Kevin Warren is a man often pulled in a million directions at once, but in this quiet moment on Wednesday evening, he is just a man who is done.

The Big Ten commissioner has finished all of his media day obligations. He has schmoozed with countless TV executives and bowl representatives. He has caught up with each of his football coaches. And he has put the rest of college sports on notice.

Warren has been using a field-level suite as his home base this week, tucked away from the coaches, players and reporters splayed out across the Lucas Oil Stadium turf. From this suite, he can peek and see what’s happening — and he will pop out to spend a few minutes with Michigan State coach Mel Tucker before he heads back to East Lansing — but no one can see him inside. Not easily, at least.

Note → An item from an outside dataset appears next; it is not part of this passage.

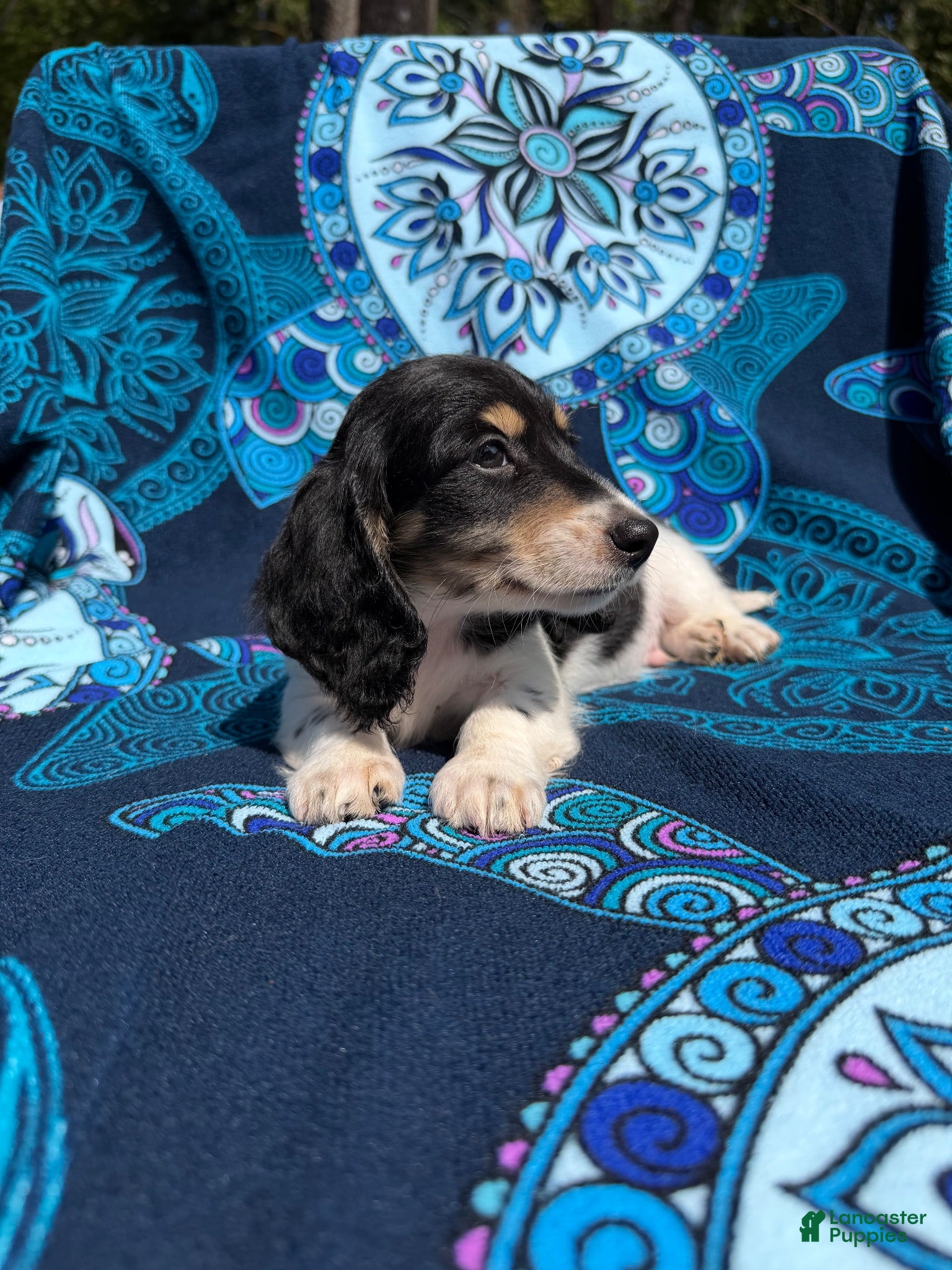 Miniature Dachshund dogs Maverick - Ad 3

The door to the suite is nearly all the way closed. It’s ajar, but just so — an apt metaphor as the conversation veers into the subject of realignment and conference expansion. Nearly a month has passed since the Big Ten added USC and UCLA, and each day has brought fresh informed (and uninformed) speculation of potential new additions to come. And they may come someday, but it’s not yet clear when that someday will come.

“The Big Ten is not in the active market,” Warren tells The Athletic. “I’ve got to make sure our 14 (members) are solid and strong. We’ve got two that are coming in who I want to over-deliver to.

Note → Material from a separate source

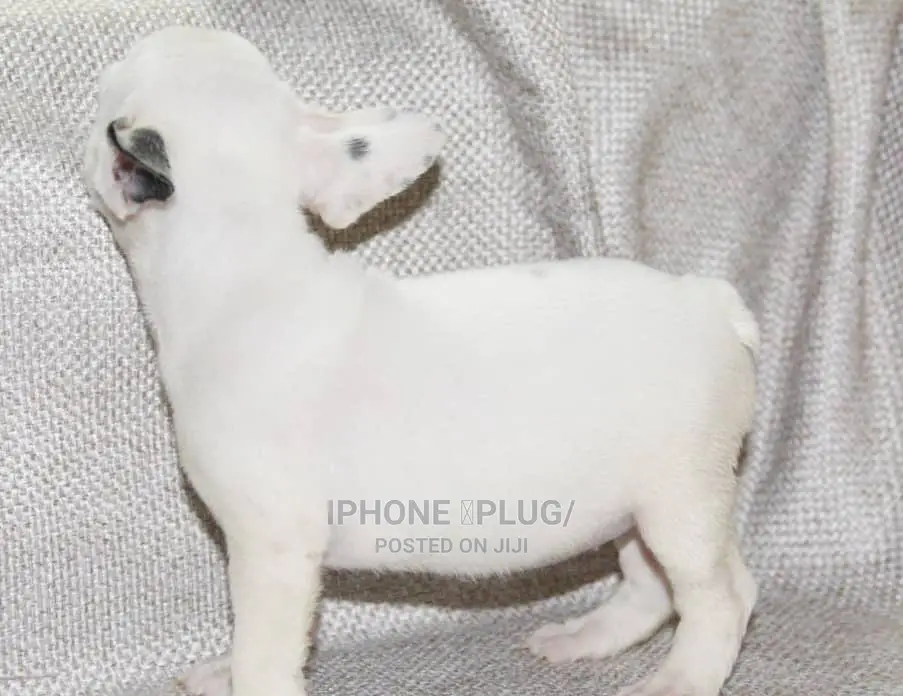 1-3 months Male Purebred French Bulldog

“Then, I think, it’ll be apparent as far as if there’s other interests that makes sense for us. … Any other areas of expansion — I think it would become evident.”

His tone is different from what it was a day prior, when he stood on a podium and said the future may include expansion that “will be done for the right reasons at the right time” and would be “strategic.” He said the Big Ten would be “aggressive.” That language doubled as a sort of warning shot throughout the rest of college sports, advance notice that the Big Ten was not going to sit back now that it had its new L.A. schools. One industry source noted that Warren may be a little too loose with his language right now, not realizing that his words carry extra weight on the heels of the coup he just orchestrated.

And now everyone is focused on who’s next. Would the Big Ten add a true western wing — say, Oregon, Washington, Cal and Stanford? That could help USC and UCLA with Olympic sport scheduling and the conference in its efforts to claim the late Saturday night kickoff window to boot.